Он живет взволнованно, азартно, умея собственной рукой щупать «бестелое слово политика».
В этом сердце нашлось место и солнцу, и реке, и стоверстым скалам. У него микрометрическое чутье к самой незаметной человеческой боли, к мельчайшим неполадкам в большой нашей жизни. Ему хочется, чтобы «вся на первый крик: товарищ! – оборачивалась земля». Что бы ни делал Маяковский, он делает от всего сердца. Оттого такой силой, таким чистым голосом наполнены его стихи, про что бы он ни говорил – про мировую революцию или про новую ванну в квартире рабочего Козырева. Его гнев и радость совпадают с негодованием и восторгом всего лучшего, передового, что живет в стране. Он все время рвется вперед, перешагивает через себя…
Перемахивая через три ступеньки, взбегает он по крутой лестнице редакции «Комсомольской правды».
Его встречают как своего, шумно и почтительно:
– Здравствуйте, Владимир Владимирович!
– Здравствуйте! – приветствует он встречающих, и его бас прокатывается по редакционному коридору.
Из всех дверей на голос этот выходят сотрудники. Машинистки выглядывают из своей комнаты.
– Как жизнь? Красиво ли идет жизнь? Довольны сегодня вы вашей жизнью? Какие Америки открыты за ночь? Сколько «Илиад» сочинили с утра? Что новенького? Много стихов наволокли? А я вам принес свежее, не свое. Давайте сюда, слушайте – читаю.
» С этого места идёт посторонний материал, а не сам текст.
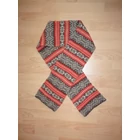 Kép a(z) Drapp-piros-szürkésbarna színű mintás gyapjúsál termékhez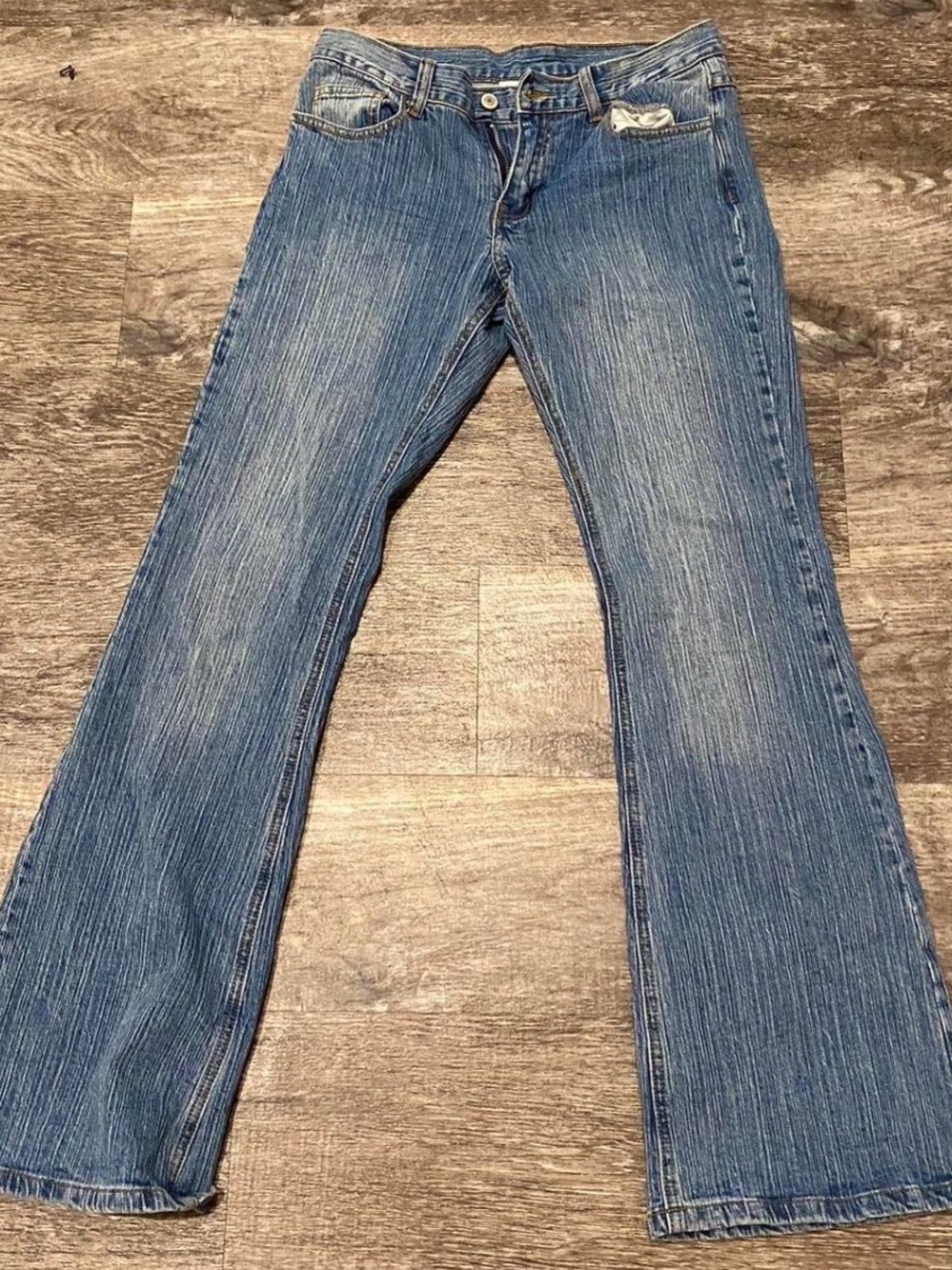 Brandy Melville Blue Flared Jeans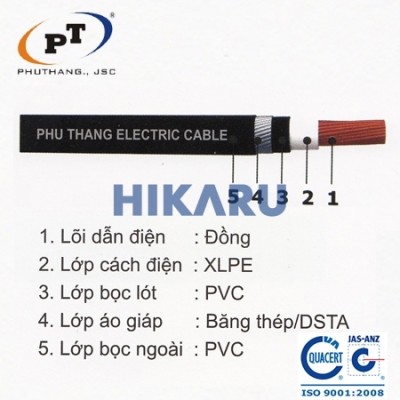 Dây cáp ngầm 1 lõi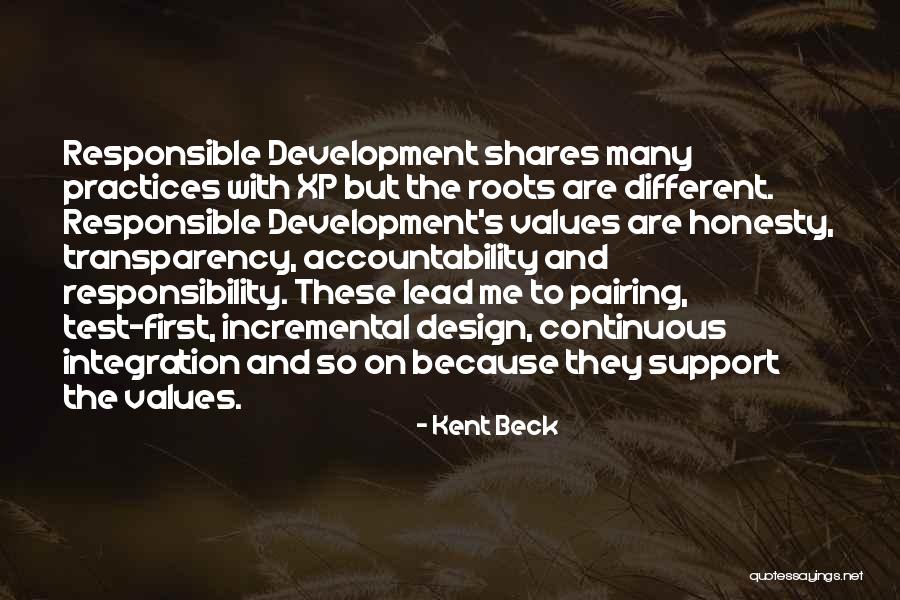 Values Development Quotes By Kent Beck Values Development Quotes By Kent Beck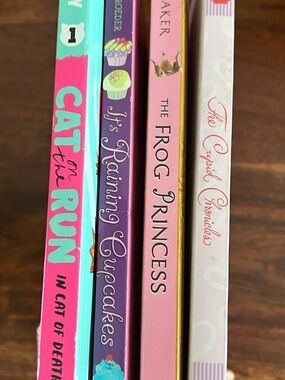 Set of 4 assorted books for girls summer beach reading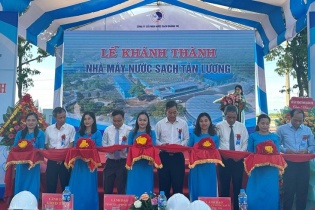 Quảng Trị khánh thành dự án nâng cấp nhà máy nước sạch Tân Lương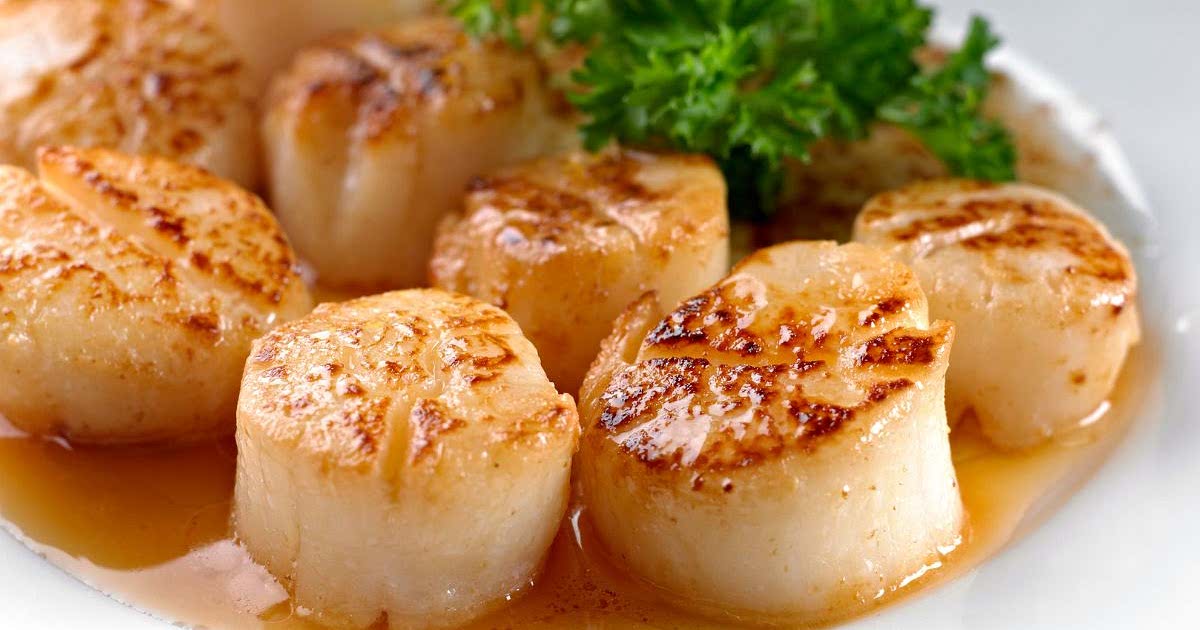 Easy Air Fryer Scallops with Lemon Garlic Herb Butter Recipe Samsung Food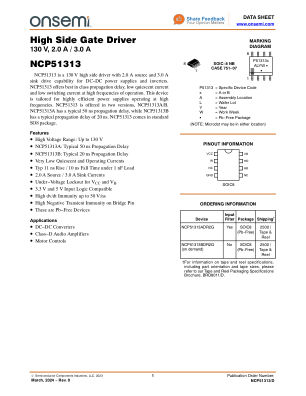 NCP51313 数据手册首页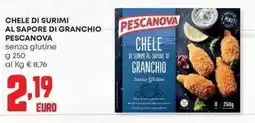 Pam Chele di surimi al sapore di granchio pescanova senza glutine offerta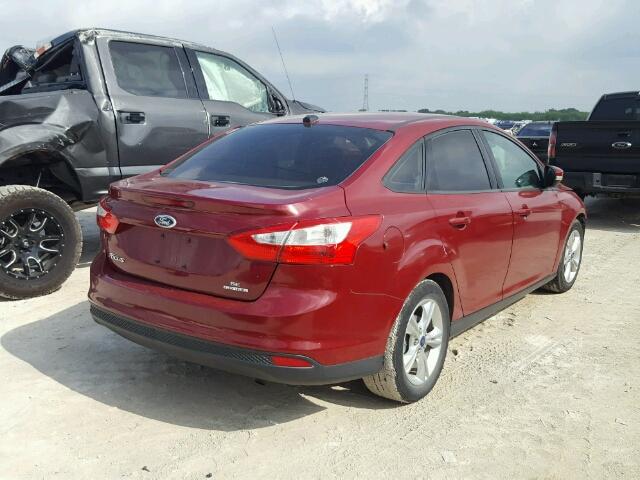 1FADP3F23EL266437 - 2014 FORD FOCUS SE RED photo 4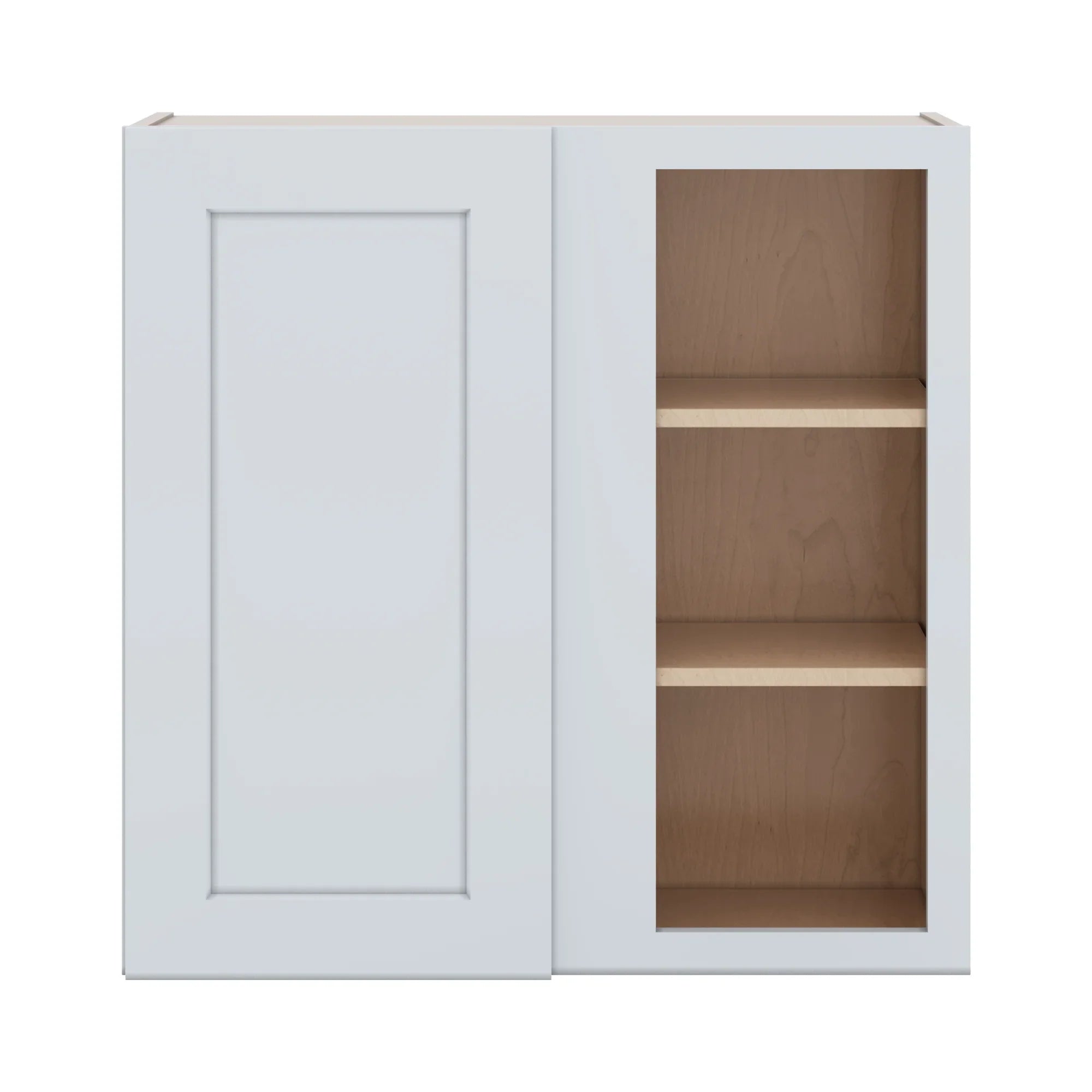 J&K White Shaker S8 Blind Wall Cabinet 30" W x 30" H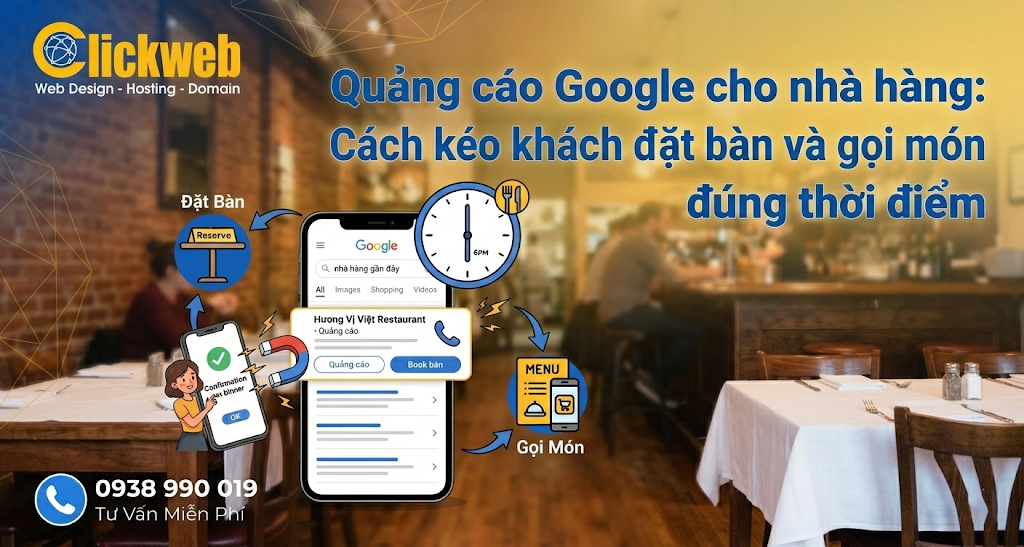 Quảng cáo Google cho nhà hàng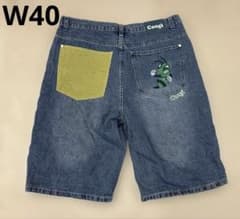 Coogi ショートデニム 刺繍 W40 バギーショーツ Y2K - メルカリ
И Маяковский, покачиваясь с каблука на носок, читает сгрудившимся вокруг него сотрудникам стихи никому не известного, где-то им разысканного автора:
– Что? Здорово? Попробуйте лучше написать. «Превращают елки в палки»! Аж завидно самому! Вот вам его адрес. Разыщите, обласкайте и напечатайте. А то в свои соседи играете. Своих маститеньких печатаете, что поближе… А вчера вот один вечером… под рылом батистовая рубашка, галстук – «собачья радость» – до ушей. Заводская аудитория, только что с работы, а он читает: «Работать, работать, работать – отдых будет потом…» Экое безобразие, хамский тон! Так разговаривают буржуи, хозяева с рабочими: «Работайте, отдохнете после, в воскресенье». Мерси вашей маме за такую пропаганду! Треплют свысока усталых людей. Терпеть не могу первоначально накопляющих ужас до чего пролетарских поэтов! Кудерьки до плеч, морда пятаком!.. Возятся, бегают, на ухо шепчут. Представляются – руку жмут, завидуют. Думают, просто так: вот этот успел при стихах устроиться. Устроиться при стихах – вы только подумайте!.. Я напрягаюсь над строкой до слез, ночью просыпаюсь и ищу нужное слово. Плачу от удовольствия, когда строка наконец сомкнута. Когда нужное слово найдешь, словно коронка на зуб села – аж искры из глаз. А эти глупостью своей, дрянным качеством компрометируют доброе наше звание. Ничего. Выведутся вьюны. Я особенно благодарен Советской республике за то, что в ней долго ужиться глупость не может.